| The problem |
Without reproducing any image, print the listing below exactly.

| Dataset content |
● ● ● ●

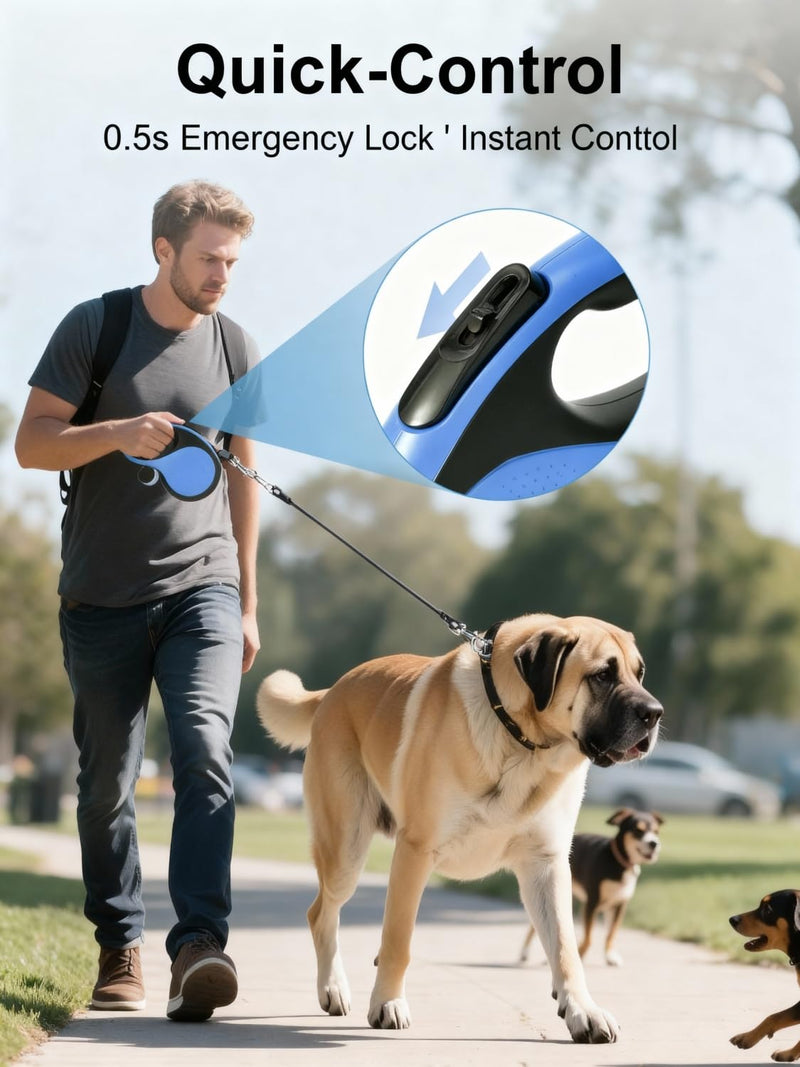 26FT Heavy Duty Retractable Dog Leash for Large Dogs Up to 110lbs,Chew Proof Nylon,360° Tangle-Free,One-Hand Brake Lock,Anti-Slip Grip,Extendable Leash with Poop Bag Holder (Blue) Blue Large - 26 ft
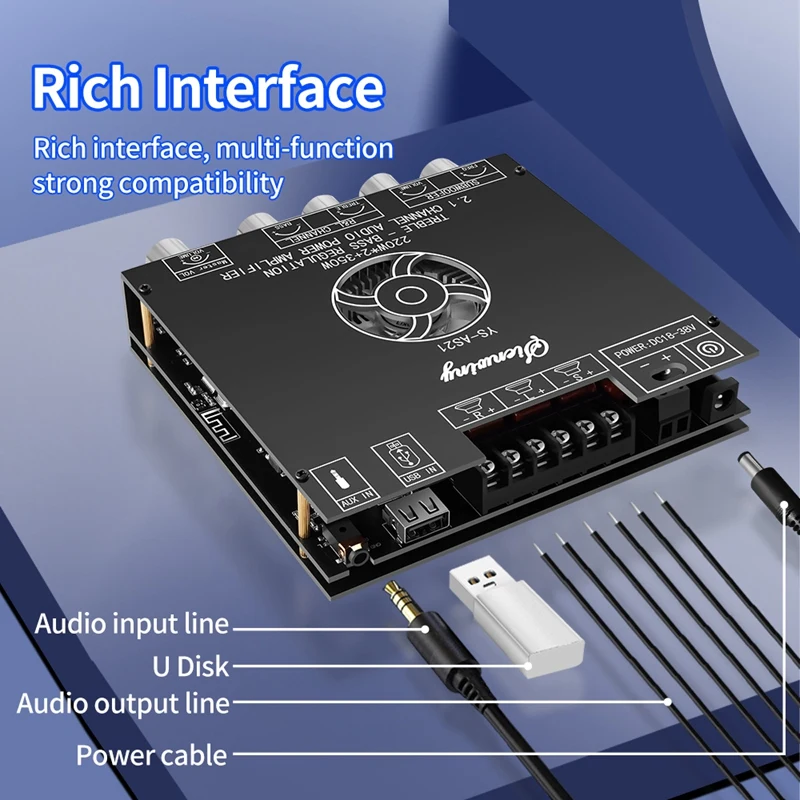 

YS-AS21 2.1-Channel Bluetooth Digital Amplifier Board TPA3251 220Wx2+350W High-Power High-Bass Adjustment Subwoofer Audio Module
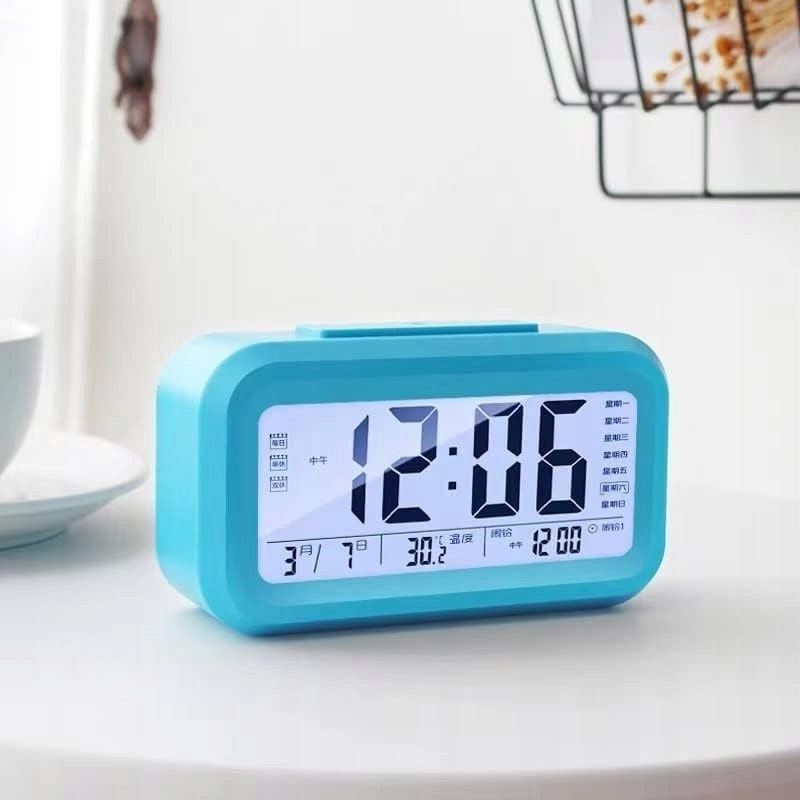 Budzik zegar cyfrowy zegarek elektroniczny led termometr kalendarz alarm - obrazek 5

● ● ● ●

| Task solution |
 26FT Heavy Duty Retractable Dog Leash for Large Dogs Up to 110lbs,Chew Proof Nylon,360° Tangle-Free,One-Hand Brake Lock,Anti-Slip Grip,Extendable Leash with Poop Bag Holder (Blue) Blue Large - 26 ft

YS-AS21 2.1-Channel Bluetooth Digital Amplifier Board TPA3251 220Wx2+350W High-Power High-Bass Adjustment Subwoofer Audio Module
 Budzik zegar cyfrowy zegarek elektroniczny led termometr kalendarz alarm - obrazek 5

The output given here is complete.